Within the lines below, the span from the line with "9 x MINI Vintage" to the line with "Charcoal Black Outdoor", both ends included, is to be reproduced exactly, with pictures omitted.

## MATERIAL SUPPLIED
******************************

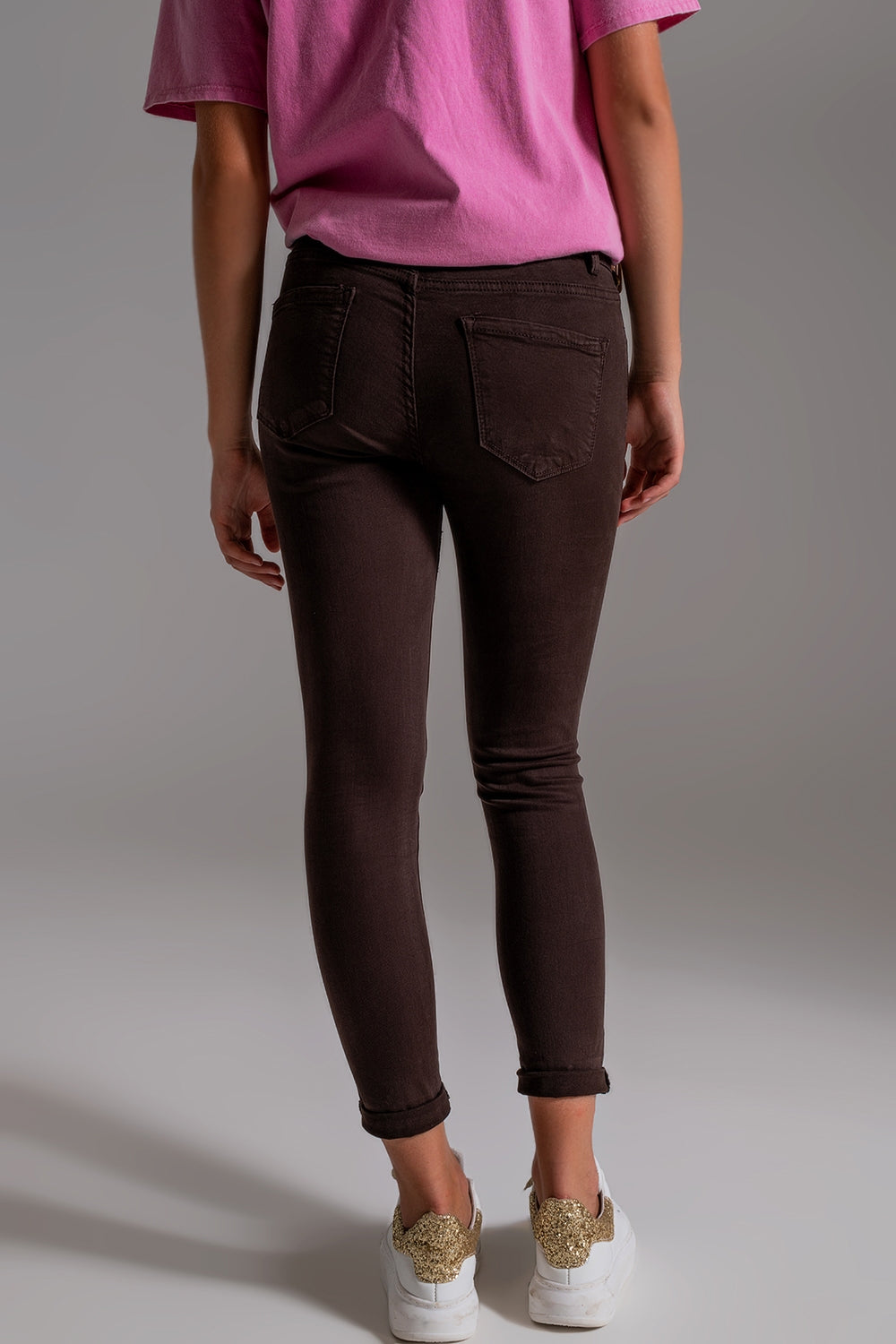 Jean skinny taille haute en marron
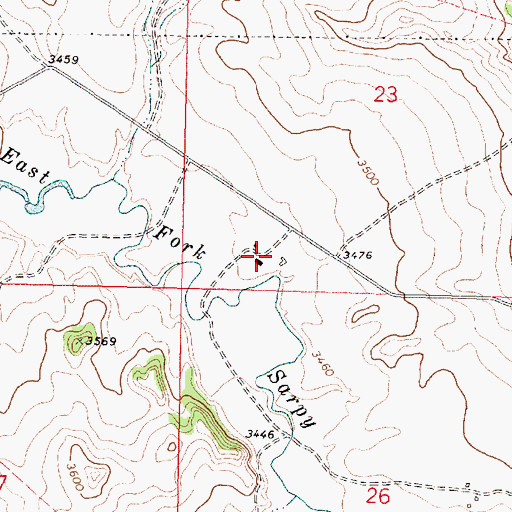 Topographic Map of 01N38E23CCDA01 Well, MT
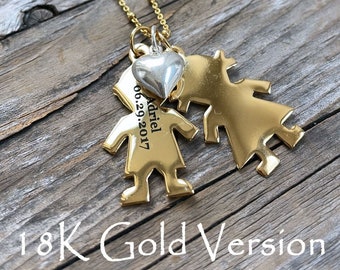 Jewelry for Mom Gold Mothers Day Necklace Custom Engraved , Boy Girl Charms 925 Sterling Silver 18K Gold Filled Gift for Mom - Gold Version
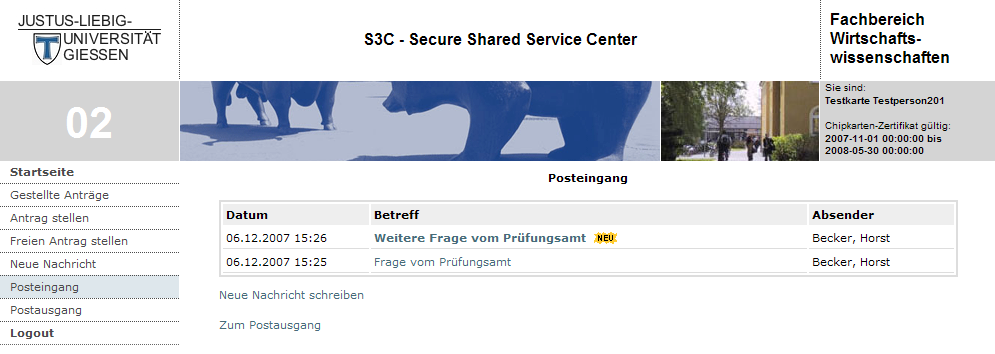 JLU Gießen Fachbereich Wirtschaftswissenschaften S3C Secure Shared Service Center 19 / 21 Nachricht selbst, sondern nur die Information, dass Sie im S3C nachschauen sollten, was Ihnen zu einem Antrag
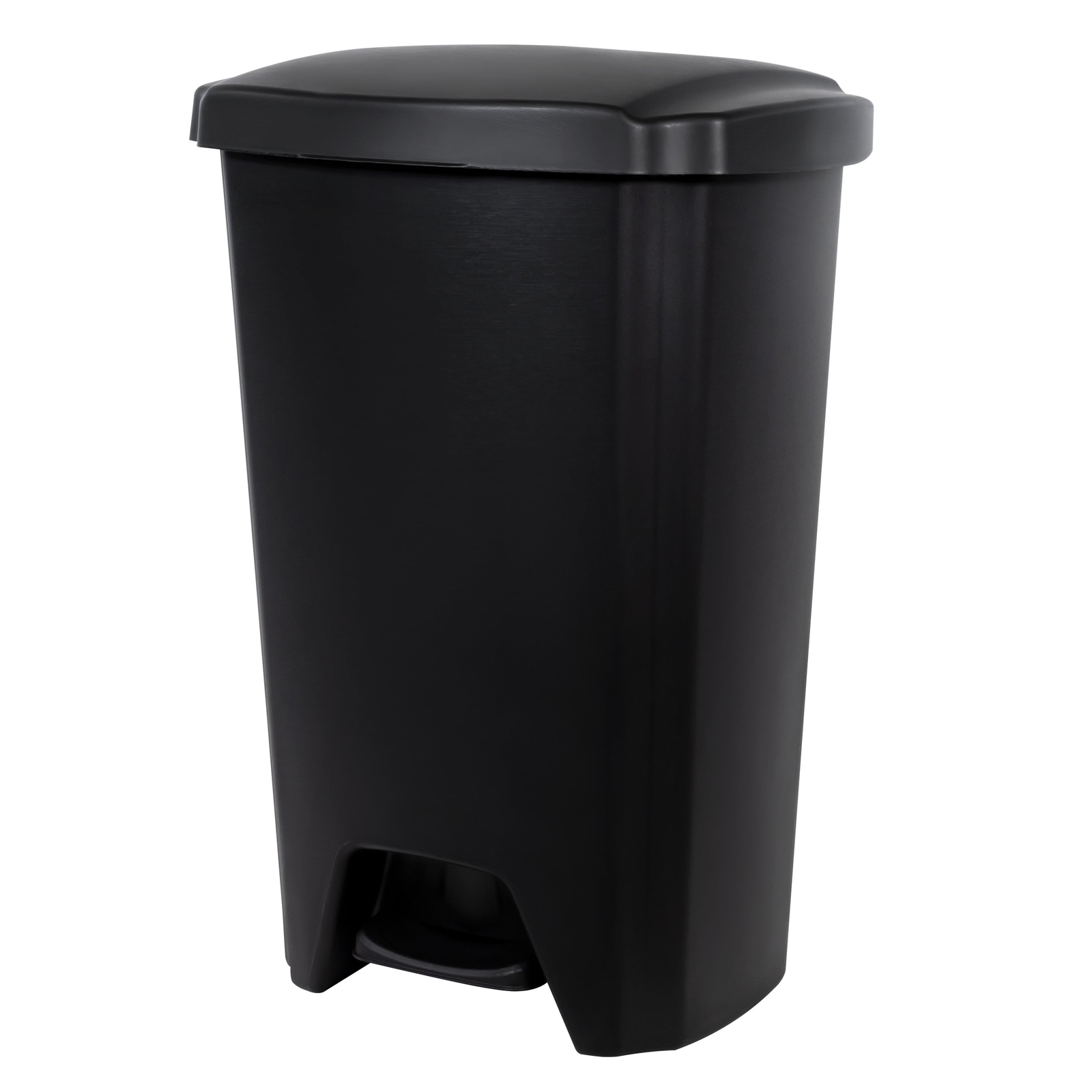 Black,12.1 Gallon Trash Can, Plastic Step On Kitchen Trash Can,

******************************

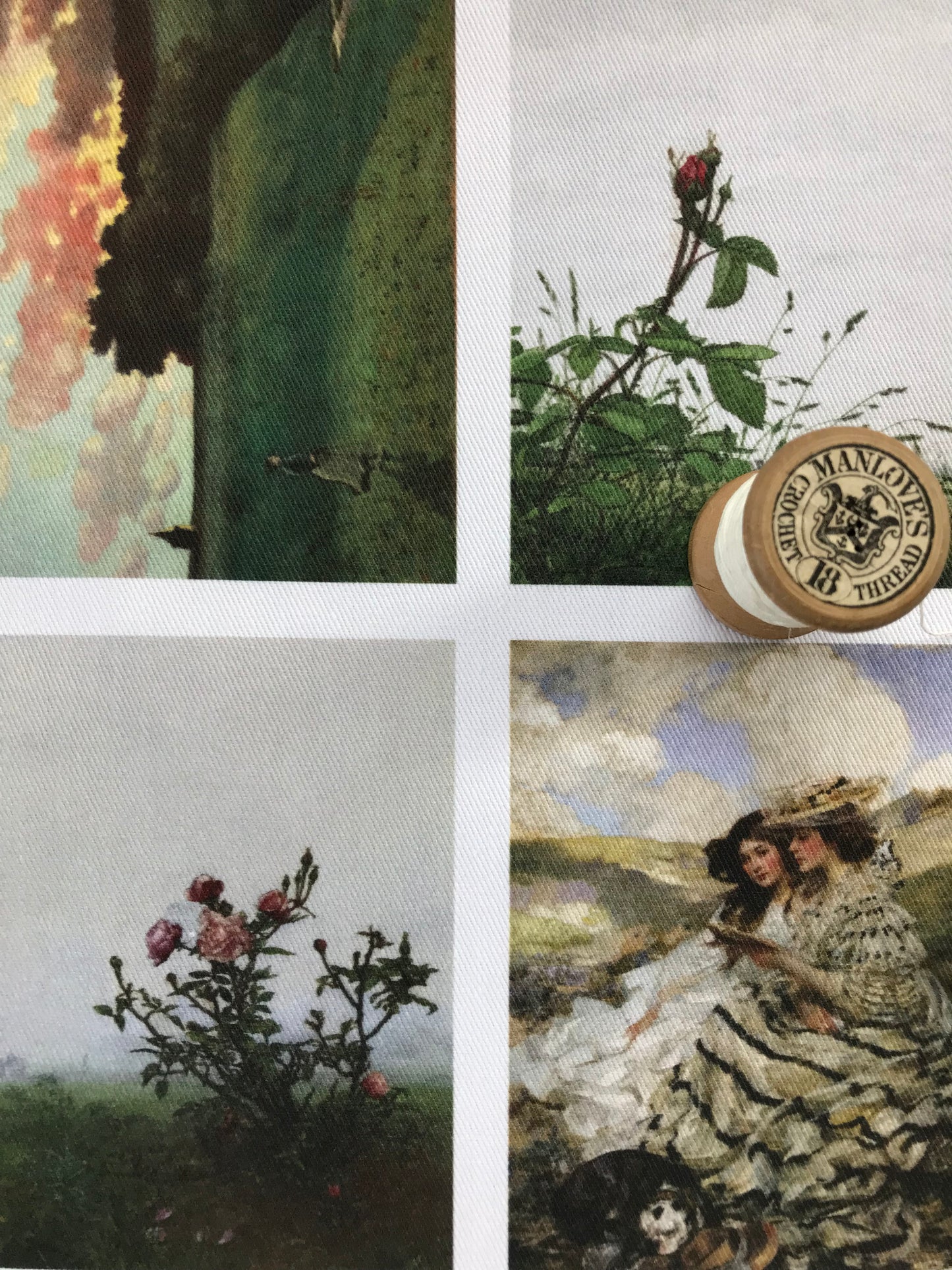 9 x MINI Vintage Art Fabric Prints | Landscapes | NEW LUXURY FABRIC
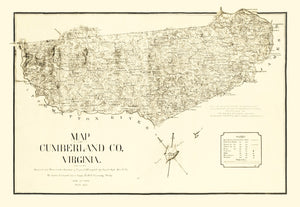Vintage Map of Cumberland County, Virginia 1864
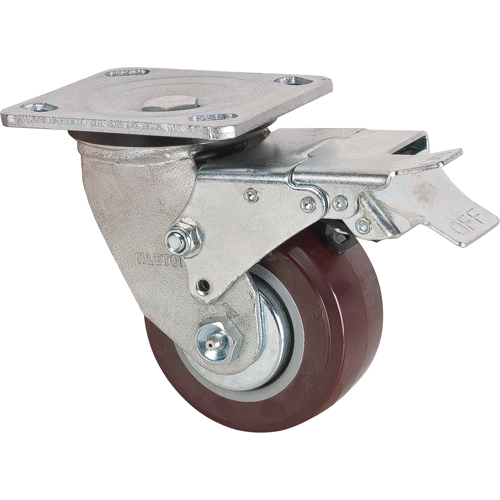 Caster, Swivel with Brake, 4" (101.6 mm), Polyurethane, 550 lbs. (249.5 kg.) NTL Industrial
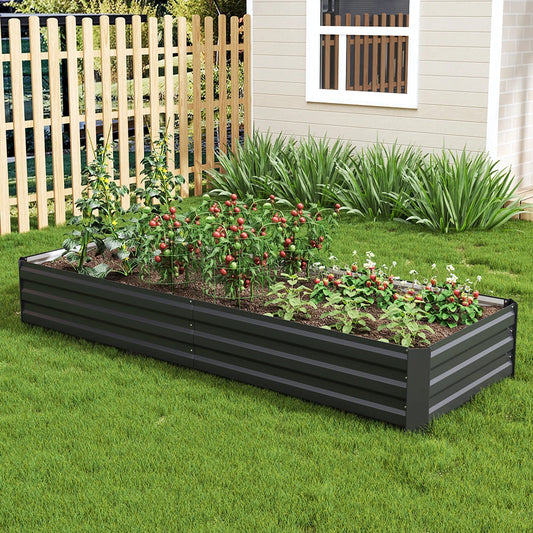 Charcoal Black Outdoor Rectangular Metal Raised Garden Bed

******************************

## ANSWER TO THIS PROBLEM
 9 x MINI Vintage Art Fabric Prints | Landscapes | NEW LUXURY FABRIC
Vintage Map of Cumberland County, Virginia 1864
 Caster, Swivel with Brake, 4" (101.6 mm), Polyurethane, 550 lbs. (249.5 kg.) NTL Industrial
 Charcoal Black Outdoor Rectangular Metal Raised Garden Bed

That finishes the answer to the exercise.